* **WORK ITEM**
As an exercise in exact copying, transcribe the lines below from the one holding "小升初数学(有竞赛题-含答案).doc_第2页" through the last, with both ends included and pictures left out.

* **ENTRIES SHOWN**
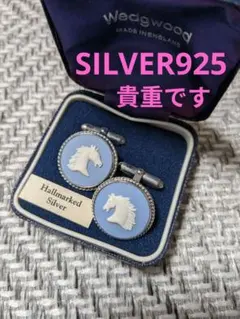 ヘンリープール 英国製 刻印入り カフリンクス カフスボタン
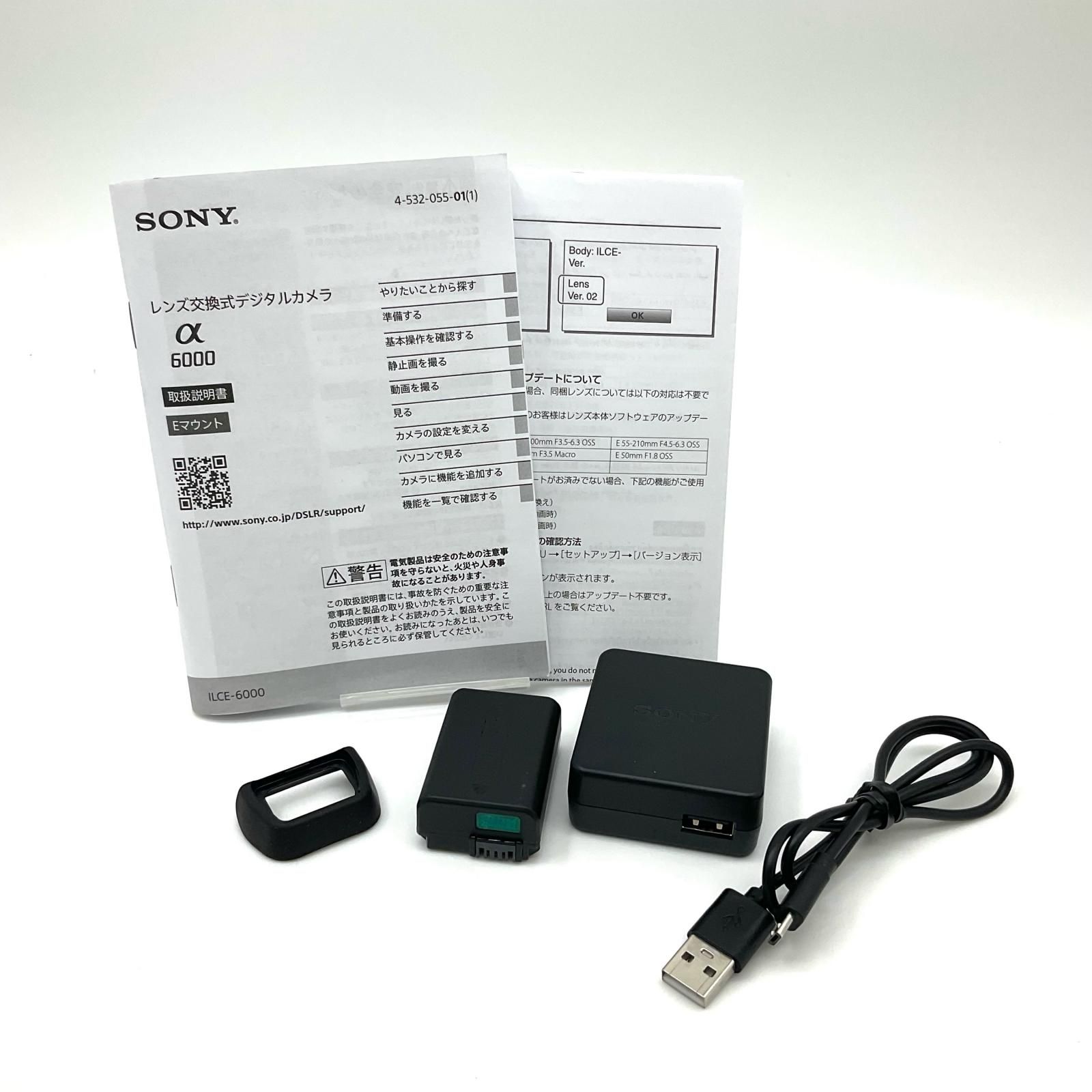 全額返金保証】【最速発送】Sony デジタル一眼 α6000 ボディ ILCE-6000 ブラック 超美品 動作確認済 シャッター2964回 -  メルカリ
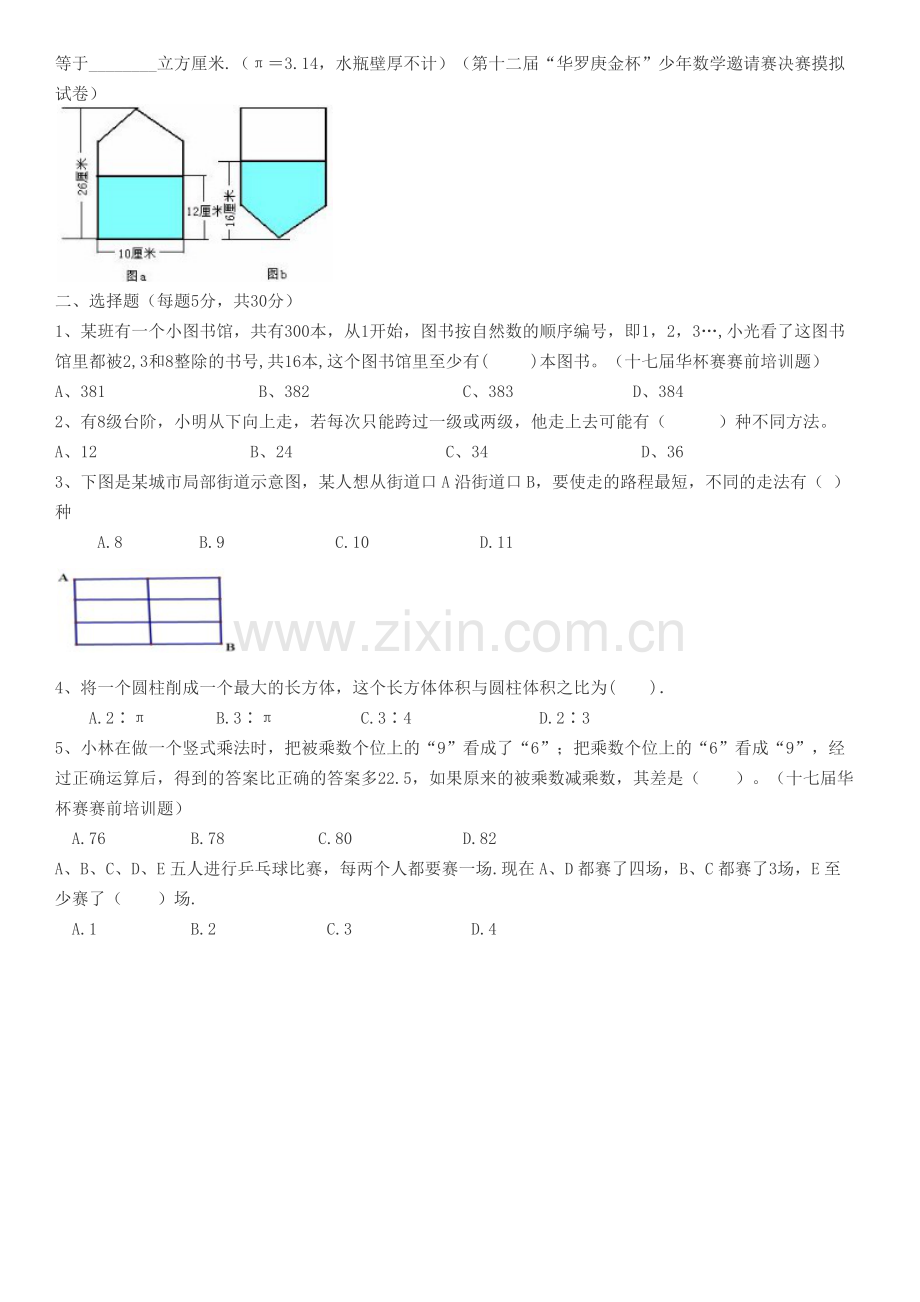 小升初数学(有竞赛题-含答案).doc_第2页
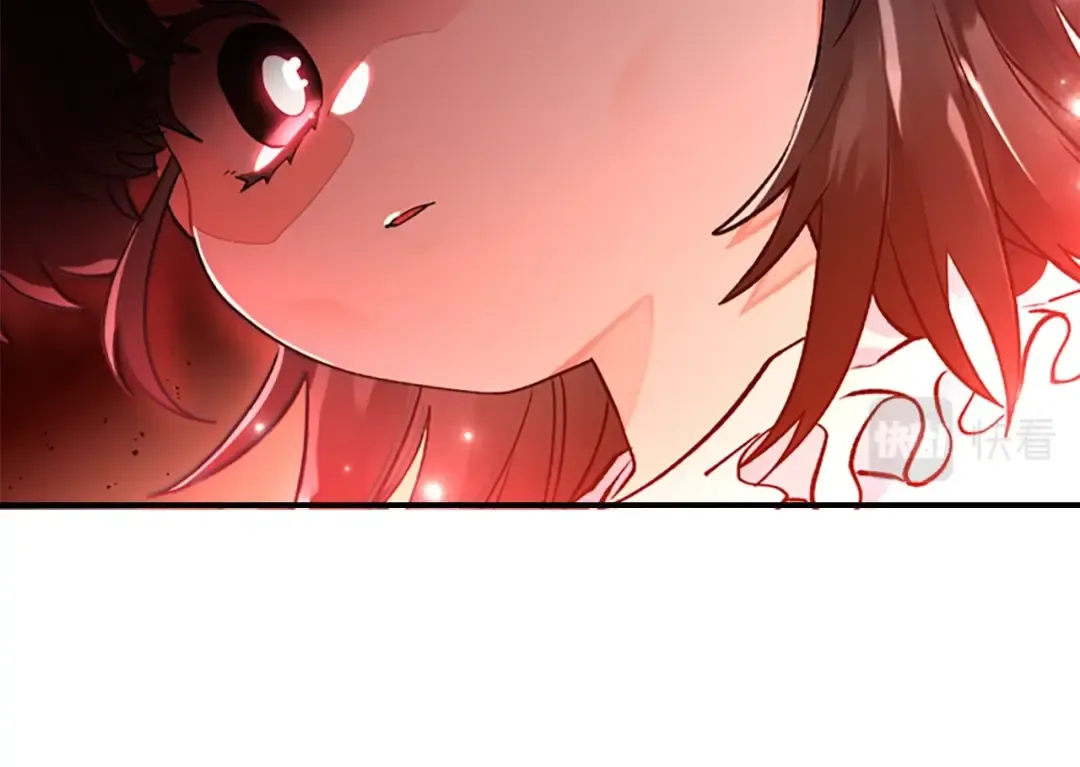 第8话 腹黑崽子 第69页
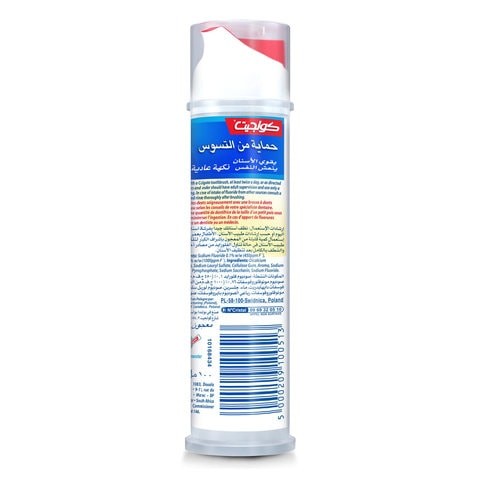 Colgate Cavity Protection Toothpaste 100 ml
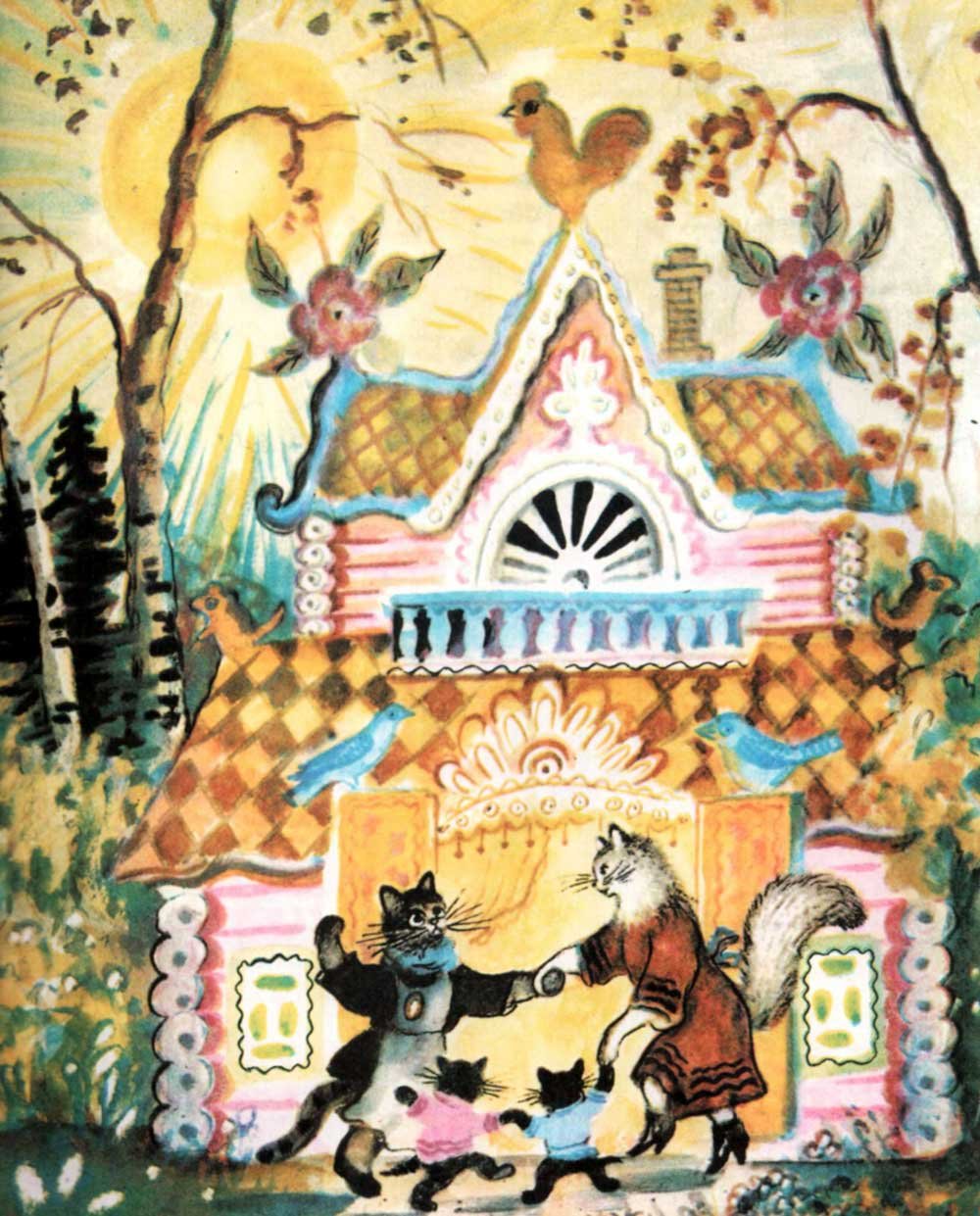 Васнецов Юрий Алексеевич иллюстрации Кошкин дом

* **SOLVED PROBLEM**
 小升初数学(有竞赛题-含答案).doc_第2页
 第8话 腹黑崽子 第69页
 Colgate Cavity Protection Toothpaste 100 ml
 Васнецов Юрий Алексеевич иллюстрации Кошкин дом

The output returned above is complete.